Requirement:
Your answer should be an exact copy of every record.
** Opening Available records block **
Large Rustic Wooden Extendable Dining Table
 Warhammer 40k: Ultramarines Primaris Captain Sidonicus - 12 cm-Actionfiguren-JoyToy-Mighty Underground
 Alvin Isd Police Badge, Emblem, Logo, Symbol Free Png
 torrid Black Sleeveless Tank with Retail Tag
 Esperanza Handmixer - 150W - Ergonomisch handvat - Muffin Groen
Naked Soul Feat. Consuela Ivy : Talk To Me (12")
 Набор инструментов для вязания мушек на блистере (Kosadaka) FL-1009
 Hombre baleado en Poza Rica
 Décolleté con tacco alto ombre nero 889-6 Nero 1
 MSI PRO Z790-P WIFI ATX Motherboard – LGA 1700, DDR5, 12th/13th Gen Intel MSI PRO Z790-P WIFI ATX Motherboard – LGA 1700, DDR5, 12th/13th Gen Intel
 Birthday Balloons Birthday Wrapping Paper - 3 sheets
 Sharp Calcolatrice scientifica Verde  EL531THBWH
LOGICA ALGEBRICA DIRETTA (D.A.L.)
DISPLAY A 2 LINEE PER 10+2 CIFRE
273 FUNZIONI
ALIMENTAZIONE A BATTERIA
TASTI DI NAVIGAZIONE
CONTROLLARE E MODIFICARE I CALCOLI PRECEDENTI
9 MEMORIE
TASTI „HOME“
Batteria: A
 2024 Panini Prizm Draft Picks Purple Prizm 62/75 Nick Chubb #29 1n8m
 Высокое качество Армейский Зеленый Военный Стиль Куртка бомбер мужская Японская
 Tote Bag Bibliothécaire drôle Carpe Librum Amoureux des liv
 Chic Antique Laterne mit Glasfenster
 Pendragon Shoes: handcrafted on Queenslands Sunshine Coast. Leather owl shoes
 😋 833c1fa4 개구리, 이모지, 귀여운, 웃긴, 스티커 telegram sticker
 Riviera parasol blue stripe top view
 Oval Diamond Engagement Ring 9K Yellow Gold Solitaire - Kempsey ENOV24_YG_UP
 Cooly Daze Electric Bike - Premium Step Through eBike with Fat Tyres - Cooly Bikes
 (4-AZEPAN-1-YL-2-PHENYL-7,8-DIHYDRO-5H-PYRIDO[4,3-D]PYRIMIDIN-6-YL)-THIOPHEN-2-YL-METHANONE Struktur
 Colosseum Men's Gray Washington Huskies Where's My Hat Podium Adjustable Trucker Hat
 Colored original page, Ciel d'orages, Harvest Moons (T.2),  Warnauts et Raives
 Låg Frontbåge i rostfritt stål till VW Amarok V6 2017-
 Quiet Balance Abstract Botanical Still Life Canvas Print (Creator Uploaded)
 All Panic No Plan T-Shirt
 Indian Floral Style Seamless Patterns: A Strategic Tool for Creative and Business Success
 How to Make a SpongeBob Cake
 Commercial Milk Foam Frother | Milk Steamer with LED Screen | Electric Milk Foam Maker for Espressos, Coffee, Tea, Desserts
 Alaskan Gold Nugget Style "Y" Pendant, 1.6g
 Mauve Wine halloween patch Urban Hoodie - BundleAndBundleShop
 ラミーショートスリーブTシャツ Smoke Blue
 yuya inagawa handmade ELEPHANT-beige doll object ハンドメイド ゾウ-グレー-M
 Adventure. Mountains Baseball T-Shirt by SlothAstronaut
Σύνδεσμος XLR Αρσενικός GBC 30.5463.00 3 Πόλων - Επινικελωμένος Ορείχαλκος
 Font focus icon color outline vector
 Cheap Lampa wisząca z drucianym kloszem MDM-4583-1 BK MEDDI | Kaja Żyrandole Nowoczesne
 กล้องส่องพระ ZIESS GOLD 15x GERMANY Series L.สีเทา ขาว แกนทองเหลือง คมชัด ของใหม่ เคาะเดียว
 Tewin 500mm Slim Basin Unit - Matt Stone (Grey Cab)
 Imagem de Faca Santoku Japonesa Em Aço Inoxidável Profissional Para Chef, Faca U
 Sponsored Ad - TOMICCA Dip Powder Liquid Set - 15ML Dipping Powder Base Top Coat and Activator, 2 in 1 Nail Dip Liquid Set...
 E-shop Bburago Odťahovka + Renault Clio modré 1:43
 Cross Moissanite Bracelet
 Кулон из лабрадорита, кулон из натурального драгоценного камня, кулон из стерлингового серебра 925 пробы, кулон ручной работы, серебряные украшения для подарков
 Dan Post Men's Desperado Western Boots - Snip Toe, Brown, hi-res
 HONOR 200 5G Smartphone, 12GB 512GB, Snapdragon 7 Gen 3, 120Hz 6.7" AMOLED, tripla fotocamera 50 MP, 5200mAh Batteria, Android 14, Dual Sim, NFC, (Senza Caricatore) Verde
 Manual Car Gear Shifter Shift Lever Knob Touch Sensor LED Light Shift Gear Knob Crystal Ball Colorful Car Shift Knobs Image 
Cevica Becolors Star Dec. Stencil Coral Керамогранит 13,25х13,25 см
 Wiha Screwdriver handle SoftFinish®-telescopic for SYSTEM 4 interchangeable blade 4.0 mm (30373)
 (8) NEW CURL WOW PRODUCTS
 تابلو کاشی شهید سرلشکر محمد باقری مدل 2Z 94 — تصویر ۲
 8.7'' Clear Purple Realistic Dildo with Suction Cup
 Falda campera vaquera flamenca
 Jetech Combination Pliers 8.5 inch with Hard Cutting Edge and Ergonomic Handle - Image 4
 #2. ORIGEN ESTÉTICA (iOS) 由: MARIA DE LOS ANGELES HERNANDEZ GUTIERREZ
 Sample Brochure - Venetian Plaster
** Closing Available records block **
Problem solution:
Large Rustic Wooden Extendable Dining Table
 Warhammer 40k: Ultramarines Primaris Captain Sidonicus - 12 cm-Actionfiguren-JoyToy-Mighty Underground
 Alvin Isd Police Badge, Emblem, Logo, Symbol Free Png
 torrid Black Sleeveless Tank with Retail Tag
 Esperanza Handmixer - 150W - Ergonomisch handvat - Muffin Groen
Naked Soul Feat. Consuela Ivy : Talk To Me (12")
 Набор инструментов для вязания мушек на блистере (Kosadaka) FL-1009
 Hombre baleado en Poza Rica
 Décolleté con tacco alto ombre nero 889-6 Nero 1
 MSI PRO Z790-P WIFI ATX Motherboard – LGA 1700, DDR5, 12th/13th Gen Intel MSI PRO Z790-P WIFI ATX Motherboard – LGA 1700, DDR5, 12th/13th Gen Intel
 Birthday Balloons Birthday Wrapping Paper - 3 sheets
 Sharp Calcolatrice scientifica Verde  EL531THBWH
LOGICA ALGEBRICA DIRETTA (D.A.L.)
DISPLAY A 2 LINEE PER 10+2 CIFRE
273 FUNZIONI
ALIMENTAZIONE A BATTERIA
TASTI DI NAVIGAZIONE
CONTROLLARE E MODIFICARE I CALCOLI PRECEDENTI
9 MEMORIE
TASTI „HOME“
Batteria: A
 2024 Panini Prizm Draft Picks Purple Prizm 62/75 Nick Chubb #29 1n8m
 Высокое качество Армейский Зеленый Военный Стиль Куртка бомбер мужская Японская
 Tote Bag Bibliothécaire drôle Carpe Librum Amoureux des liv
 Chic Antique Laterne mit Glasfenster
 Pendragon Shoes: handcrafted on Queenslands Sunshine Coast. Leather owl shoes
 😋 833c1fa4 개구리, 이모지, 귀여운, 웃긴, 스티커 telegram sticker
 Riviera parasol blue stripe top view
 Oval Diamond Engagement Ring 9K Yellow Gold Solitaire - Kempsey ENOV24_YG_UP
 Cooly Daze Electric Bike - Premium Step Through eBike with Fat Tyres - Cooly Bikes
 (4-AZEPAN-1-YL-2-PHENYL-7,8-DIHYDRO-5H-PYRIDO[4,3-D]PYRIMIDIN-6-YL)-THIOPHEN-2-YL-METHANONE Struktur
 Colosseum Men's Gray Washington Huskies Where's My Hat Podium Adjustable Trucker Hat
 Colored original page, Ciel d'orages, Harvest Moons (T.2),  Warnauts et Raives
 Låg Frontbåge i rostfritt stål till VW Amarok V6 2017-
 Quiet Balance Abstract Botanical Still Life Canvas Print (Creator Uploaded)
 All Panic No Plan T-Shirt
 Indian Floral Style Seamless Patterns: A Strategic Tool for Creative and Business Success
 How to Make a SpongeBob Cake
 Commercial Milk Foam Frother | Milk Steamer with LED Screen | Electric Milk Foam Maker for Espressos, Coffee, Tea, Desserts
 Alaskan Gold Nugget Style "Y" Pendant, 1.6g
 Mauve Wine halloween patch Urban Hoodie - BundleAndBundleShop
 ラミーショートスリーブTシャツ Smoke Blue
 yuya inagawa handmade ELEPHANT-beige doll object ハンドメイド ゾウ-グレー-M
 Adventure. Mountains Baseball T-Shirt by SlothAstronaut
Σύνδεσμος XLR Αρσενικός GBC 30.5463.00 3 Πόλων - Επινικελωμένος Ορείχαλκος
 Font focus icon color outline vector
 Cheap Lampa wisząca z drucianym kloszem MDM-4583-1 BK MEDDI | Kaja Żyrandole Nowoczesne
 กล้องส่องพระ ZIESS GOLD 15x GERMANY Series L.สีเทา ขาว แกนทองเหลือง คมชัด ของใหม่ เคาะเดียว
 Tewin 500mm Slim Basin Unit - Matt Stone (Grey Cab)
 Imagem de Faca Santoku Japonesa Em Aço Inoxidável Profissional Para Chef, Faca U
 Sponsored Ad - TOMICCA Dip Powder Liquid Set - 15ML Dipping Powder Base Top Coat and Activator, 2 in 1 Nail Dip Liquid Set...
 E-shop Bburago Odťahovka + Renault Clio modré 1:43
 Cross Moissanite Bracelet
 Кулон из лабрадорита, кулон из натурального драгоценного камня, кулон из стерлингового серебра 925 пробы, кулон ручной работы, серебряные украшения для подарков
 Dan Post Men's Desperado Western Boots - Snip Toe, Brown, hi-res
 HONOR 200 5G Smartphone, 12GB 512GB, Snapdragon 7 Gen 3, 120Hz 6.7" AMOLED, tripla fotocamera 50 MP, 5200mAh Batteria, Android 14, Dual Sim, NFC, (Senza Caricatore) Verde
 Manual Car Gear Shifter Shift Lever Knob Touch Sensor LED Light Shift Gear Knob Crystal Ball Colorful Car Shift Knobs Image 
Cevica Becolors Star Dec. Stencil Coral Керамогранит 13,25х13,25 см
 Wiha Screwdriver handle SoftFinish®-telescopic for SYSTEM 4 interchangeable blade 4.0 mm (30373)
 (8) NEW CURL WOW PRODUCTS
 تابلو کاشی شهید سرلشکر محمد باقری مدل 2Z 94 — تصویر ۲
 8.7'' Clear Purple Realistic Dildo with Suction Cup
 Falda campera vaquera flamenca
 Jetech Combination Pliers 8.5 inch with Hard Cutting Edge and Ergonomic Handle - Image 4
 #2. ORIGEN ESTÉTICA (iOS) 由: MARIA DE LOS ANGELES HERNANDEZ GUTIERREZ
 Sample Brochure - Venetian Plaster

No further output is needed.